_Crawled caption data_
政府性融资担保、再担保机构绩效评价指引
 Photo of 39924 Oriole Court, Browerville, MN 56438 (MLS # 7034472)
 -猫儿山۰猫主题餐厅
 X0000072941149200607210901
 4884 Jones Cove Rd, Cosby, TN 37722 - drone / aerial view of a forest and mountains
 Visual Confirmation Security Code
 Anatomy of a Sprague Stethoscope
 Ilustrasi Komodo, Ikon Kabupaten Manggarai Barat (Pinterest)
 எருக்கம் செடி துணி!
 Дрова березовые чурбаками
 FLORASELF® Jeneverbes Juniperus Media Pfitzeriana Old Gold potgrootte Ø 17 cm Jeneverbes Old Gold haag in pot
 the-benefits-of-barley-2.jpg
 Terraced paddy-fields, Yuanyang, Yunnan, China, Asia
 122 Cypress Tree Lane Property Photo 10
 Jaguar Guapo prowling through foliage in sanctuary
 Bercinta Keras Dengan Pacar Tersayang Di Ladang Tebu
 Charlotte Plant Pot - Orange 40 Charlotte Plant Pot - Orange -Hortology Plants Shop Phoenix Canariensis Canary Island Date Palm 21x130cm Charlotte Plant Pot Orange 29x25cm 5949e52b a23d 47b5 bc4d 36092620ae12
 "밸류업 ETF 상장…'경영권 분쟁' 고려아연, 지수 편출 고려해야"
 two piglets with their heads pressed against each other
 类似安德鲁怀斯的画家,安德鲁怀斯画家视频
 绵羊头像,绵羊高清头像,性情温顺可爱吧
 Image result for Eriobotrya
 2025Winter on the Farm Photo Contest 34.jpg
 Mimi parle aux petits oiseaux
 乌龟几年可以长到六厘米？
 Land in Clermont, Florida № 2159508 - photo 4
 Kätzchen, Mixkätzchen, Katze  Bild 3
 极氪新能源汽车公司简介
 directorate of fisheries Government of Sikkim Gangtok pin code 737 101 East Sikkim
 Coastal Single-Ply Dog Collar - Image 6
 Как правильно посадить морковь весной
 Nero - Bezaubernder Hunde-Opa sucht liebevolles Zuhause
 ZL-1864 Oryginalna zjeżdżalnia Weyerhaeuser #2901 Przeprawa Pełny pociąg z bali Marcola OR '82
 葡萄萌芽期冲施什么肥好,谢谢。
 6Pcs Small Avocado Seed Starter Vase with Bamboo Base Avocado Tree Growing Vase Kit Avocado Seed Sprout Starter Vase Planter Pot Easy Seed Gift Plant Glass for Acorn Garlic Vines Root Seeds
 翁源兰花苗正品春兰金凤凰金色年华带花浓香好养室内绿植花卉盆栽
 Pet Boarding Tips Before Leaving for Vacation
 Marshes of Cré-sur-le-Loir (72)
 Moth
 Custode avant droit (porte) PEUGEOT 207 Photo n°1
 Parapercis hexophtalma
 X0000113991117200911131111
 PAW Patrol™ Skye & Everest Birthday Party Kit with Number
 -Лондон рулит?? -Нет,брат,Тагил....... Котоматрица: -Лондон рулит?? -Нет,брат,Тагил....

_ABOUT THIS TASK_
All that is wanted is the stretch of lines above from the one containing "Photo of 39924" through the one containing "Bercinta Keras Dengan", duplicated exactly.

_TASK ANSWER_
 Photo of 39924 Oriole Court, Browerville, MN 56438 (MLS # 7034472)
 -猫儿山۰猫主题餐厅
 X0000072941149200607210901
 4884 Jones Cove Rd, Cosby, TN 37722 - drone / aerial view of a forest and mountains
 Visual Confirmation Security Code
 Anatomy of a Sprague Stethoscope
 Ilustrasi Komodo, Ikon Kabupaten Manggarai Barat (Pinterest)
 எருக்கம் செடி துணி!
 Дрова березовые чурбаками
 FLORASELF® Jeneverbes Juniperus Media Pfitzeriana Old Gold potgrootte Ø 17 cm Jeneverbes Old Gold haag in pot
 the-benefits-of-barley-2.jpg
 Terraced paddy-fields, Yuanyang, Yunnan, China, Asia
 122 Cypress Tree Lane Property Photo 10
 Jaguar Guapo prowling through foliage in sanctuary
 Bercinta Keras Dengan Pacar Tersayang Di Ladang Tebu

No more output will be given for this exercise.